Lorelei nearly followed him back inside, thinking he might still report her, but there was nothing for it now. She’d likely get in as much trouble for trying to leave as she would for leaving. She went to the spot he’d indicated, took a deep breath, and leapt into the darkness. Her stomach rose into her throat. Suddenly, she thought the netting might be brittle with age, that it would give way when she hit it. But it didn’t. She landed, bounced once, landed again, and climbed a rope ladder to a ringwalk.
She rushed down the corkscrew stairs, afraid she’d hear alarm bells any moment. When she was far below the city, she took out Bothymus’s crop and wrapped it around her right hand. She was just about to call him—he could meet her below and fly her to the vale—but she paused. The Knives would likely have dragons of their own. If Bothymus alerted them, her mission would be doomed. She took the stone off, put it back in her belt purse, and continued to the ground.

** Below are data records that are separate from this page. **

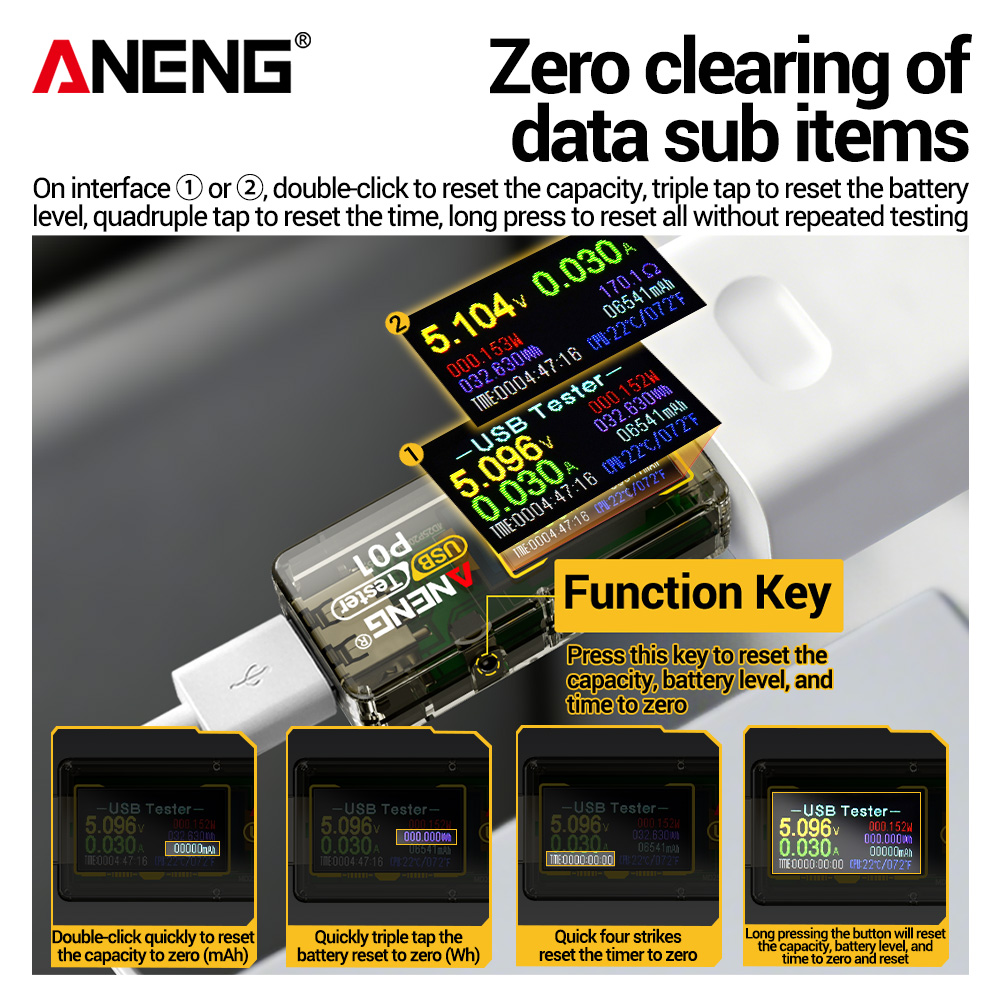 ANENG P01 USB Test Cihazı Volt - Usb Ammeter Tester incelemesi ve fiyatı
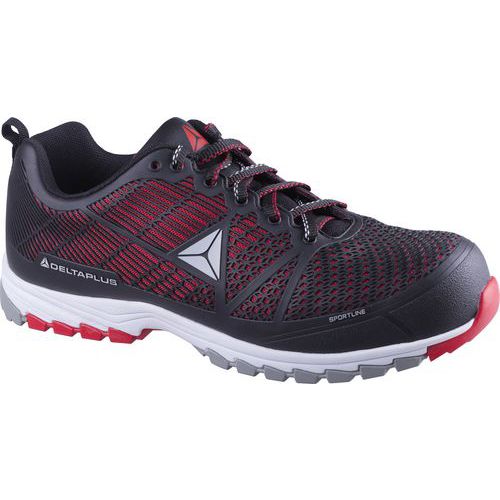 Calzature basse Sport S1P HRO SRC - Nero/rosso - 39,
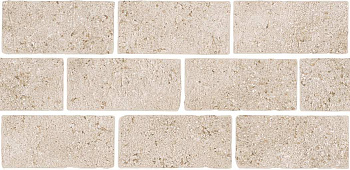 Бордюр BR024 Роверелла бежевый мозаичный 14.7*34.5*11 (уп\7шт), шт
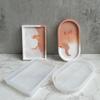 Oval Tray Dish Silicone Mold Rectangular Oval Storage Tray Gypsum Resin Mould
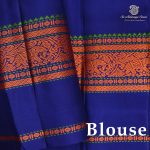 Pure Silk Sarees - Dark Navy Blue SASPS38724 - Image 2
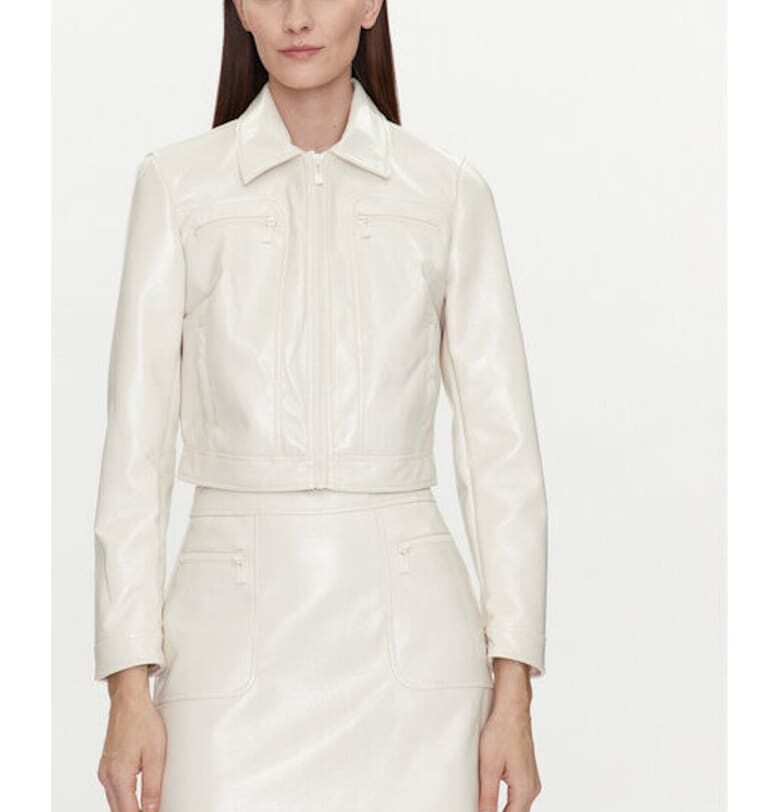 Дамско яке -  303918026 - Екокожа - Бежово - Бежов Morgan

She skirted Tallow but made sure to keep its lanterns in sight and eventually came to the old deer path Creed had told her about. It would likely be watched, though, so she trekked beside the nearby stream, parallel to the path. She crept deeper into the forest, listening for anything beyond the wind through the trees, the burbling brook, the whining insects.
The canopy had made itself small for the night. The clouds overhead thinned, enough that she could see Nox staring down like a bloodshot eye. As she hiked down a gentle slope, she heard distant voices. She came to the edge of the vale and saw a large, bowl-shaped depression. Near the center of it, some forty yards from Lorelei’s position, the stream diverted around a massive, grassy barrow. Several hundred men and woman were gathered around it. All were armed and watching the group gathered at the top. To the right of the barrow, beyond the stream, were two saddled dragons: a cobalt and a viridian. The cobalt snapped its jaws, and the viridian screeched and swept its wings in retreat.
At the barrow’s summit, torches on tall stakes were set in a circle; a dozen men and women stood in the flickering light. Llorn was easy to recognize with his long black hair and sun-marked skin. Standing behind him were his captains: Blythe, her curly black hair unbound, and Raef, red hair braided in rows and a stump where his left hand had once been. Next to them stood a burly, black-haired Knife. Even as far as she was, Lorelei could see the similarities to Brother Mayhew. A twin, maybe? Around them were seven druins with shaved heads, runic tattoos, and tall staves with eagle talons or dragon horns or crystals on top.
Llorn stood near a stone sarcophagus. Whose sarcophagus it might be, and why it had been brought to this place, Lorelei had no idea, but knowing what she knew about druins, she decided it couldn’t be good.